Data extract:
____
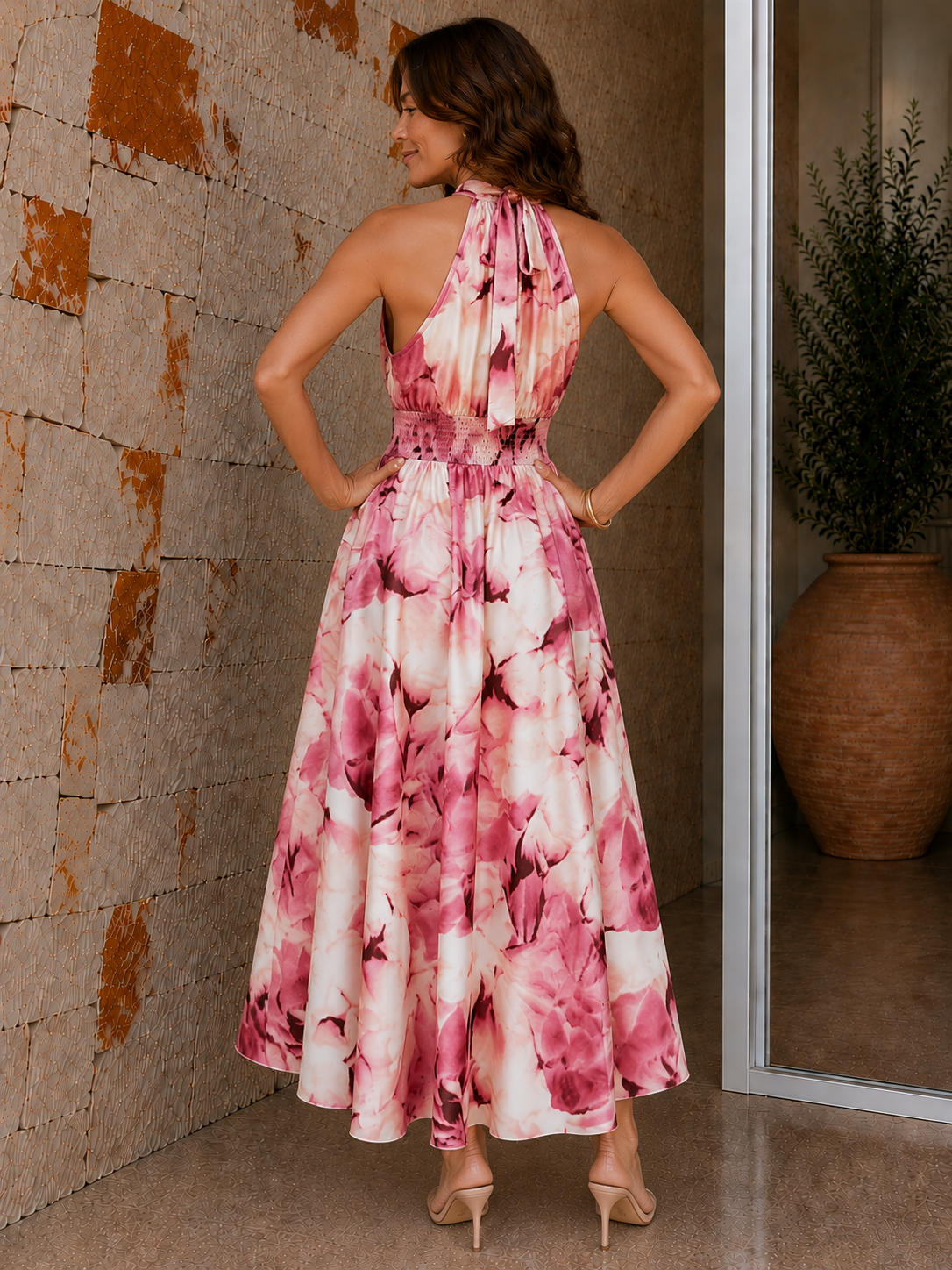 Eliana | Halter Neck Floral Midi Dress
____
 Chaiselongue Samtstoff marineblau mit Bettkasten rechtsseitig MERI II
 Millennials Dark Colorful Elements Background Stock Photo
____
What to do:
Output, from the data above, the lines from the line with "Chaiselongue Samtstoff marineblau" to the line with "Millennials Dark Colorful" exactly as they stand, both ends included and nothing else.

Answer space:
 Chaiselongue Samtstoff marineblau mit Bettkasten rechtsseitig MERI II
 Millennials Dark Colorful Elements Background Stock Photo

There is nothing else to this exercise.